Web “addiction”, cont’d

Business Week is urging us all to take seriously a lawsuit by IBM employee James Pacenza of East Fishkill, N.Y., sacked for improper internet use at work. Pacenza’s attorney has filed a $5 million wrongful-termination suit and is advancing web-addiction theories/excuses for his client. Business Week quotes various sources who are eager to predict some sort of emergent legal status for internet addiction — maybe as a covered condition under the Americans with Disabilities Act — but it all still seems pretty unlikely to me. (Catherine Holahan, “Virtually Addicted”, Dec. 14). On “BlackBerry addiction”, see Oct. 2, etc.


  • Addiction is repetition of an act to excess, that interferes with function. Functions are biological, social, legal, occupational (money), personal satisfaction, self-control.

    We know addiction to alcohol damages the liver. What biological function could the internet possibly damage?

    Body weight.

    This addiction is even dumber than depicted. The addiction is to the changing screen. Parents report, hungry kids will not eat unless a sandwich is brought to the location of their electronic game. A starving teenager will not pause a video game to eat for 5 minutes in the kitchen.
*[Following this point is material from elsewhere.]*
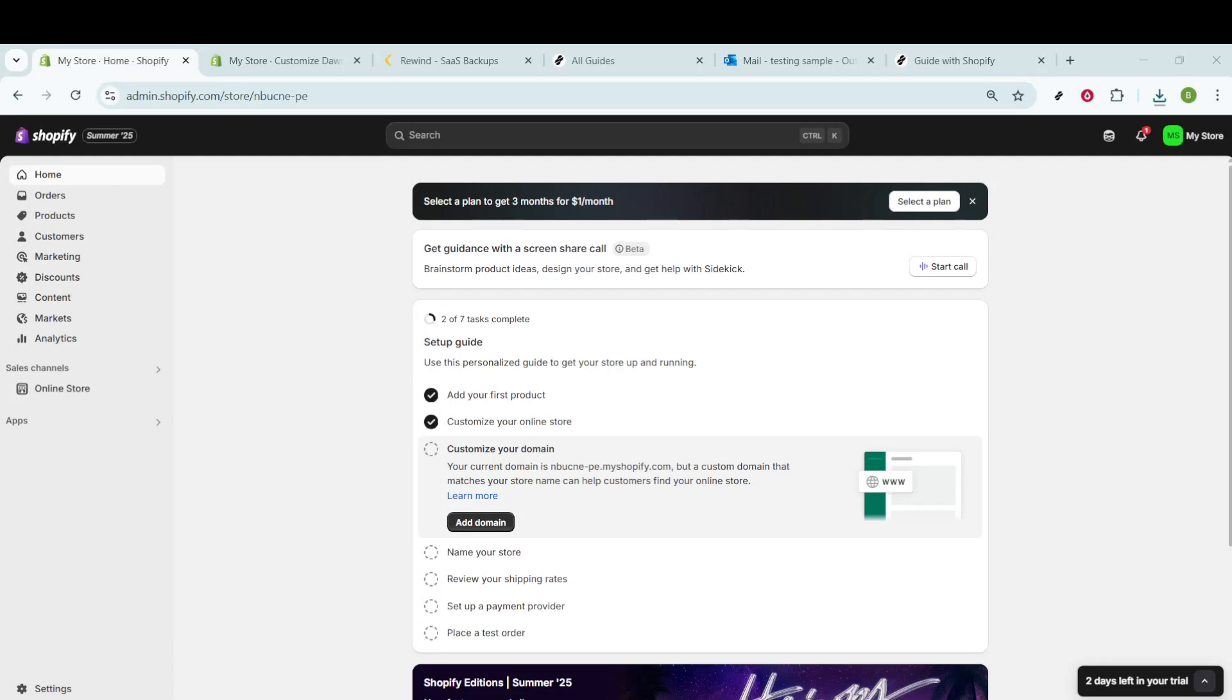In today's video, I'm going to teach you how to install a Shopify theme from ThemeForest. Whether you're running an online store or just setting up your Shopify for the first time, knowing how to install a premium theme can really make your store stand out and provide a unique experience for your customers. Let's get started.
    As with addictions, the sole remedy is total abstention. Accommodation damages.

    I declare to IBM an addiction to heroin. Should IBM accommodate me by providing me with heroin breaks? That would damage me more. Accommdation would be an intentional tort, leaving aside any illegality. IBM should know providing me with heroin breaks injures me.

    If the presumption is addiction, the remedy is zero tolerance.

    Get treatment, get over it, or get out.

  • after the decision that such an addiction exists, the next step is regulation of internet access by government bodies.
    Something like a mandatory timer on all modems and routers that automatically shuts them down for an hour or so after 2-3 hours (with of course mandatory checks on tampering by law enforcement in your home).

  • I read Business Week sometimes but it really is a joke. I think most of their audience is wannabees and students. The quality of journalism reflects that. The Time magazine of the business world.

  • Supremacy Claus, you are missing the point. He wasn’t asking for “accomodation” but for help. If you were a heroin addict at IBM (or any large corporation) you would be offered resources to overcome your addiction. His claim is no that he should have been allowed to indulge himself during work, but that his employer should have offered help so he could attempt to overcome his addiction and remain a productive employee.

    I’m not saying I agree with that – I’m not sure that responsibility to offer help is greater than the responsibility to seek it out – but that’s the issue here.